Washington, Jul 6 (efe-epa).- Some hospitals in the states of Texas and Florida are on the verge of having no additional beds for coronavirus – or any other – patients while the White House continues without any discernible national strategy to confront the pandemic and insists that the “vast majority of people” are safe from the virus.
On Monday, the mayors of San Antonio and Austin, along with the mayor of Miami-Dade County, Florida, warned that their local hospital systems are at the limit of their capacity and are filling the last beds in their intensive care units.
“The time is now ticking in terms of our hospital capacity in San Antonio just like a lot of other big cities in Texas,” San Antonio Mayor Ron Nirenberg told CNN.
The mayor warned that if Covid-19 cases continue to increase at the current rate, San Antonio is “a week away from running out of hospital beds and ICU capacity.”
In Texas, the large cities – most of them governed by Democratic mayors – are fighting a battle against Republican state Gov. Greg Abbott, who continues to resist imposing strict measures against the virus and is refusing to allow local authorities to adopt them.
In that regard, Austin Mayor Steve Adler, a Democrat, asked Abbott on Monday to return autonomy to the cities and allow them to implement their own measures to contain the virus.

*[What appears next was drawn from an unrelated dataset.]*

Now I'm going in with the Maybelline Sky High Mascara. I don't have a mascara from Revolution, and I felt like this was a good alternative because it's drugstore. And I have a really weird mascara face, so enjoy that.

Adler is considering issuing a “stay-at-home order” with the aim of obligating Austin residents to abide by a quarantine and, thus, diminish pressure on area hospitals.

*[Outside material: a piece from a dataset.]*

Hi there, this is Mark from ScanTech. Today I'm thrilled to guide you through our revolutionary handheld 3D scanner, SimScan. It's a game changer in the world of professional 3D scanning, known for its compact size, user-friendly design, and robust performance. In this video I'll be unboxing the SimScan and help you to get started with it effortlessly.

In recent days, the cities of Houston and Fort Worth have also expressed their concern over the lack of available hospital beds while in the Rio Grande Valley along the border with Mexico 10 of the 12 hospitals have already reached their limit, given that the number of patients has doubled over the past two weeks.

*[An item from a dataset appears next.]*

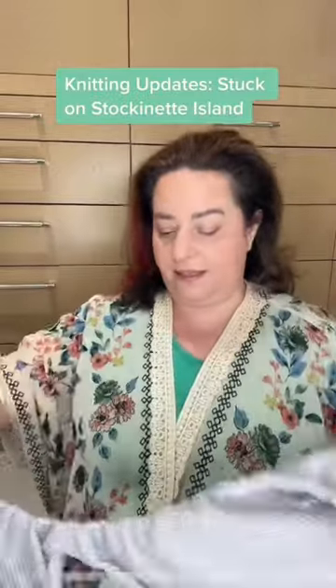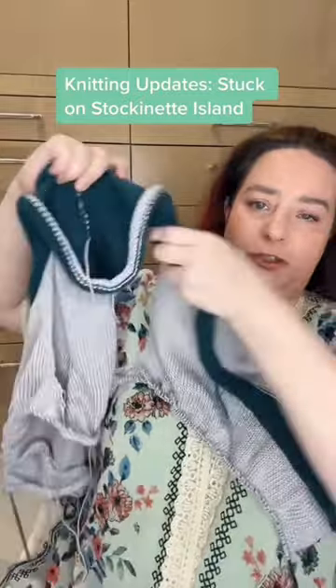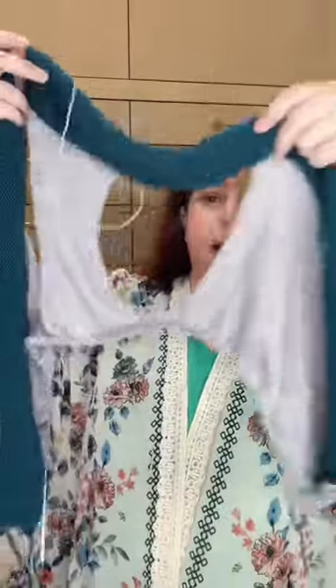So I have been working on this vest. I got past the armhole shaping, the really interesting, fun part, but now I am just in straight stockinette. I'm on stockinette island right now. This is always kind of one of the reasons why I don't knit a lot of garments — I feel like with a lot of garments you get to this section that's just like, I'm just going to be knitting this stitch forever.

In all, of the 69,000 available hospital beds in Texas, 55,800 are occupied – 81 percent – according to figures released Monday by the state health department.
Meanwhile, the increase in cases in Florida has put hospitals in the less populated counties like Clay and St. Lucie in the crosshairs, where only 4 percent of the beds in the ICUs remain unoccupied.
In addition, in Miami-Dade County, the epicenter of the coronavirus in Florida, 80 percent of the ICU beds are occupied, according to figures provided Monday by the state health agency.
Because of the seriousness of the situation, Miami-Dade County Mayor Carlos Gimenez announced Monday that starting on July 8 all restaurants (except for so-called meals “on wheels” or for pickup), as well as hair salons, banquet halls, gymnasiums, party sites and short-term vacation rental accommodations (like Airbnb), will be closed.
“We want to ensure that our hospitals continue to have the staffing necessary to save lives,” said Gimenez in a statement.
In the last 24 hours, Florida registered 6,336 newly confirmed coronavirus cases, a figure that is a slight improvement compared with the daily records of 10,000-plus cases set over the previous two days.
Over the past five days, 14 of the 50 US states, including Florida, have registered record numbers of newly confirmed virus cases and nationwide 250,000 new cases were announced, the equivalent of the population of Buffalo, New York.
In addition, Nevada and Arizona have seen in recent days the highest figures to date for virus hospitalizations.
In Nevada, the hospitals are at 68 percent of their capacity, while in Arizona they are at 84 percent and the situation is even worse in the state’s ICUs, where 89 percent of the beds are taken, according to official data from the two states.
For the past month, the virus has been hitting the southern and western states very hard, the first states to reopen their economies, while in many eastern cities – like Boston, New York and Washington DC – the number of new cases is much lower.
Despite these figures, White House Chief of Staff Mark Meadows on Monday said that the “vast majority of people are safe” from the virus, adding that US President Donald Trump was “right” when he made certain controversial comments on Saturday.
“If you’re over 80 years of age or if you have three what they call co-morbidities … then you need to be very, very careful. Outside of that, the risks are extremely low,” Meadows told Fox News.